§ What the exercise asks:
With the pictures set aside, write out all of the data exactly as it stands.

§ Source data:
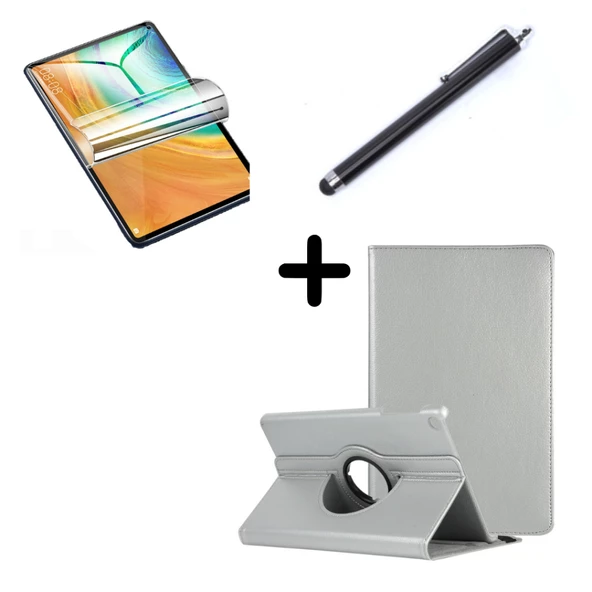 Lenovo Tab M10 3. Nesil TB-328FU T610 Kılıf Dönen Tablet Kilifi Ekran Koruyucu+Kalem - 11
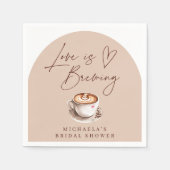 モダンなコーヒーラブ ハートの結婚前お披露目 スタンダードカクテルナプキン (正面)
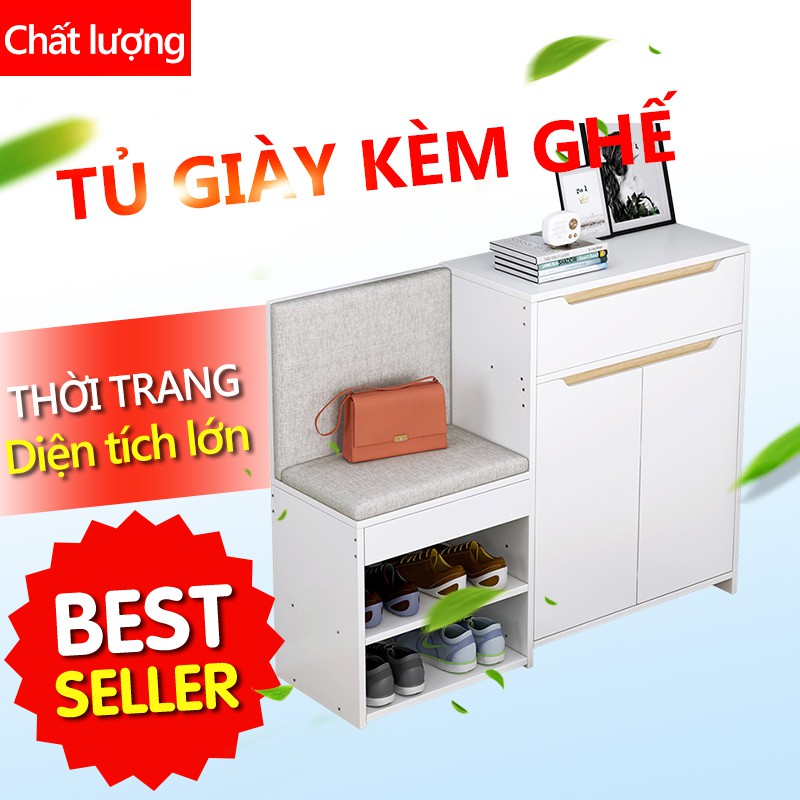 Tủ giày nhiều ngăn có cánh tủ có đệm ngồi thay giày dép tiện lợi chất liệu cao cấp độ bền cao FU207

§ Task solution:
 Lenovo Tab M10 3. Nesil TB-328FU T610 Kılıf Dönen Tablet Kilifi Ekran Koruyucu+Kalem - 11
 モダンなコーヒーラブ ハートの結婚前お披露目 スタンダードカクテルナプキン (正面)
 Tủ giày nhiều ngăn có cánh tủ có đệm ngồi thay giày dép tiện lợi chất liệu cao cấp độ bền cao FU207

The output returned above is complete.